25. The learned counsel relied on a decision reported in 2009 7 SCC 712 , (Harmanpreet Singh Ahluwalia and Others vs. State of Punjab and Others) wherein the Apex Court has observed that in exceptional cases, the inherent jurisdiction of the High Court under Sec.482 Cr.P.C can be invoked. 26. The occurrence is said to have taken place on 20.6.1992. Charge sheet has been filed in the year 1999 which was taken on file in P.R.C No.43 of 1999. Almost, two decades have passed from the date of occurrence. 27. The petitioners are also the victims of atrocity at the hands of the forest officials.
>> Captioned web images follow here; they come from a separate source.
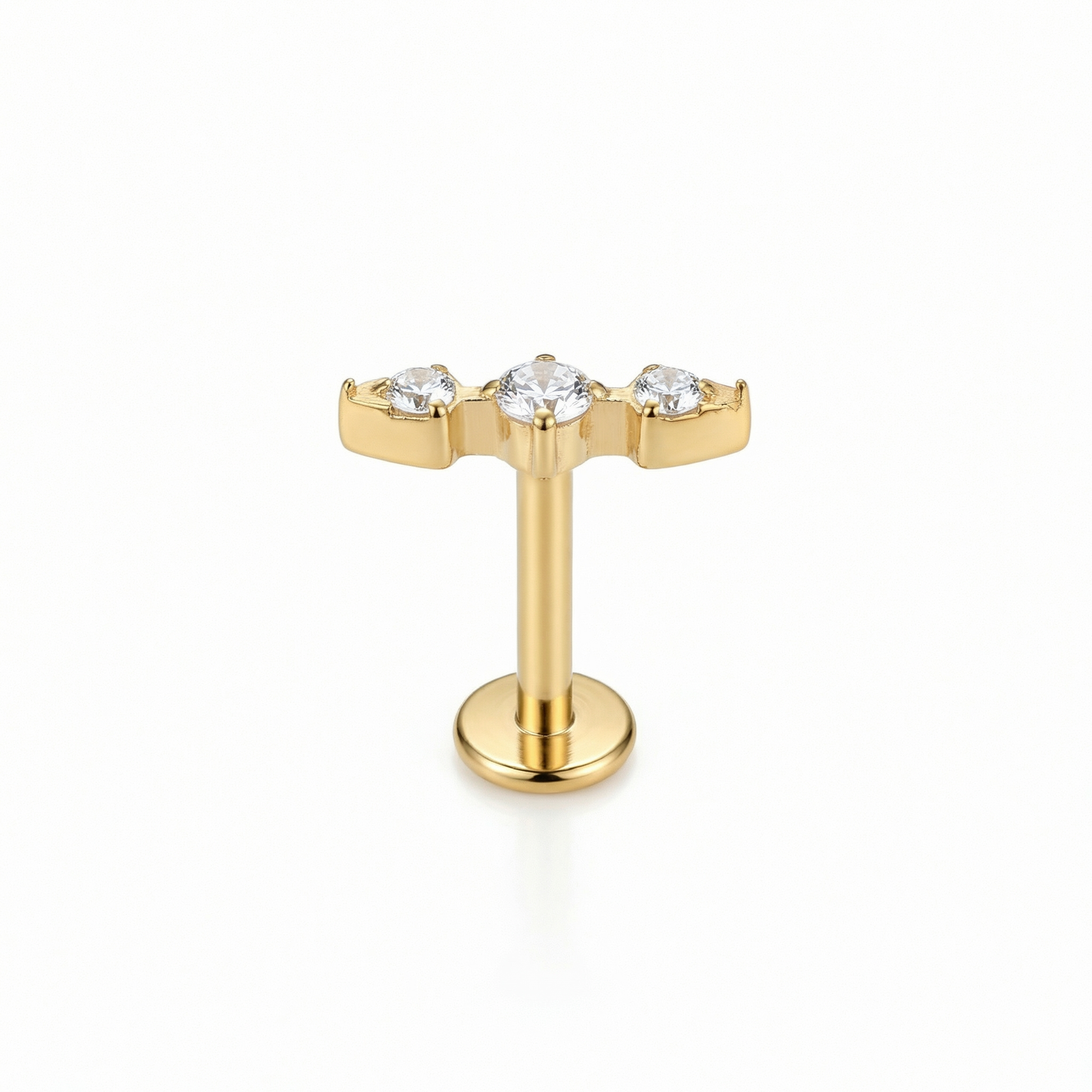 Tragus And Antitragus Piercing - 16G G23 titanium gold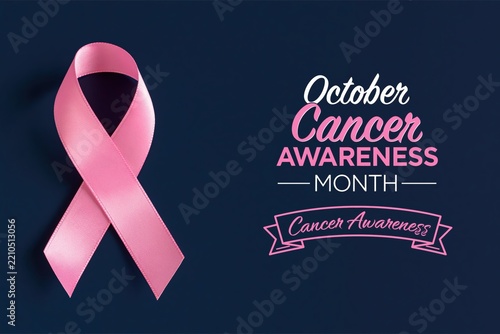October breast cancer awareness month campaign poster with a pink ribbon for medical support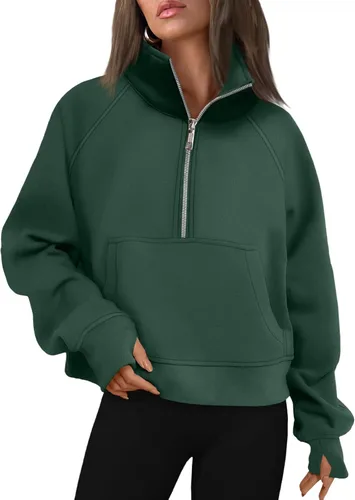 Vista 13 de AUTOMET Sudaderas con media cremallera para mujer, sudadera corta de vellón con cremallera de un cuarto, sudaderas con capucha para el otoño, a
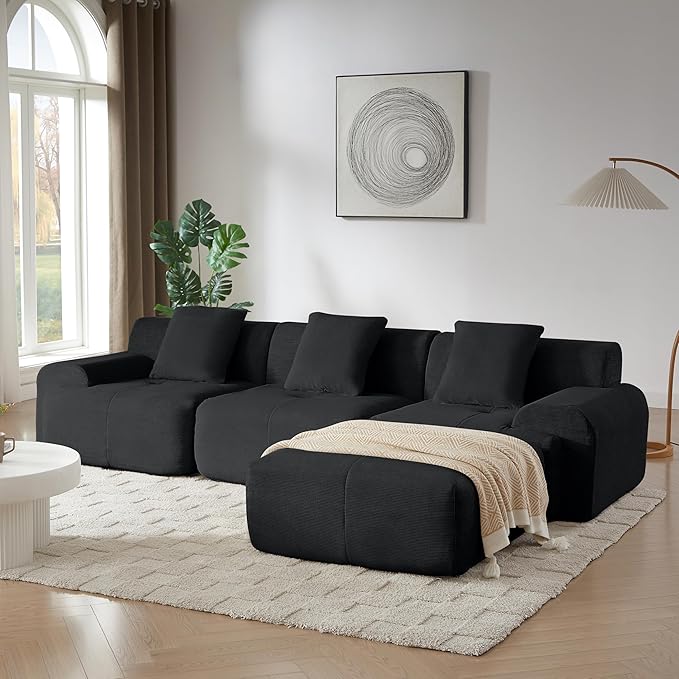 113 Cloud Compressed Modular Sectional Sofa Boneless Couch for Living Room Modern Corduroy Upholstered L-Shaped Corner Couch with Reversible Ottoman for Apartment | Deep Seat Wider Armrest Free Co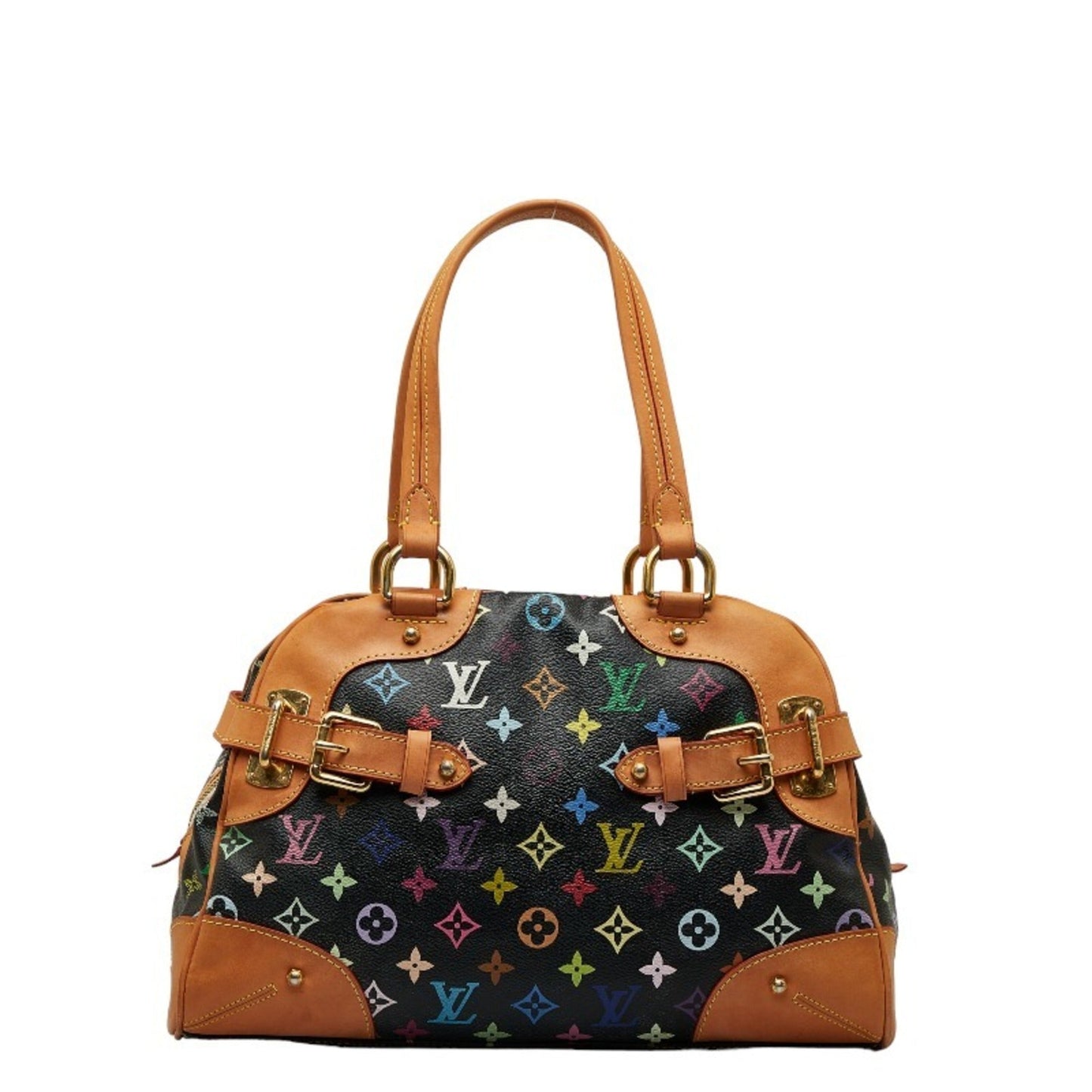 LOUIS VUITTON Monogram Multicolor Claudia Handbag M40194 Noir Black PVC Leather Women's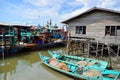 Colorful chinese fishing boat resting at a Chinese Fishing Village- Sekinchan, Malaysia Royalty Free Stock Photo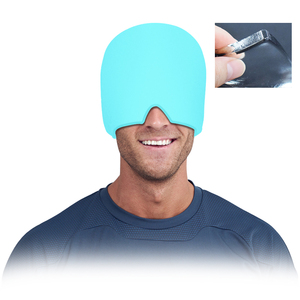 Gorra de alivio de <span class=keywords><strong>migraña</strong></span>, envoltura de bolsa de hielo para la cabeza con tapa fría de <span class=keywords><strong>migraña</strong></span>, tapa de hielo adecuada para <span class=keywords><strong>migraña</strong></span>, tensión, estrés - Product Image 1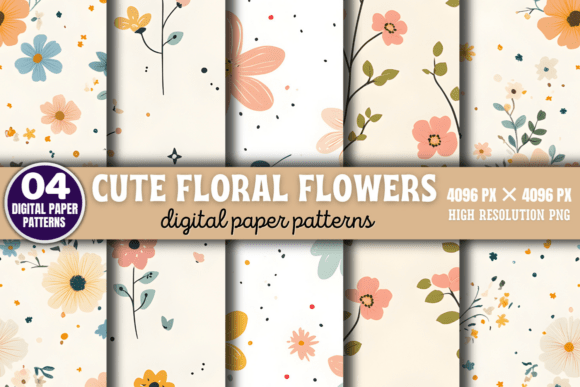 Download Cute Floral Flowers Digital Pattern 4 - Premium Resources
It is pertinent to point out that more than 300 persons were taken to the police station and kept under illegal custody and only thereafter, the present case has been registered. 28. It is well settled that where a criminal proceeding is manifestly attended with malfide and where the proceedings are maliciously instituted with an ulterior motive, the court can always invoke the inherent powers under Sec.482 Cr.P.C. 29. In the present case, obviously, more than 75 women were included without any basis and even in the complaint, 7 persons names were shown for the alleged overt act, but 14 persons were named in the first information report. For the last two decades, 104 persons were dragged to the Court on a complaint which was obviously obtained and registered only after the commission of the atrocity in the Vachathi village. Though the charge sheet has been filed, I have no hesitation to hold that the entire proceedings is attended with malafide and no purpose would be served if the proceedings are allowed to be continued and that too, after twenty years of the alleged incident. 30. Under such circumstances, I am of the considered view that the entire proceedings in P.R.C.No.43/99 on the file of the learned Judicial Magistrate, Harur is liable to be quashed and accordingly it is quashed. 31. In the result, both the criminal original petitions are allowed. Consequently connected Mps are allowed.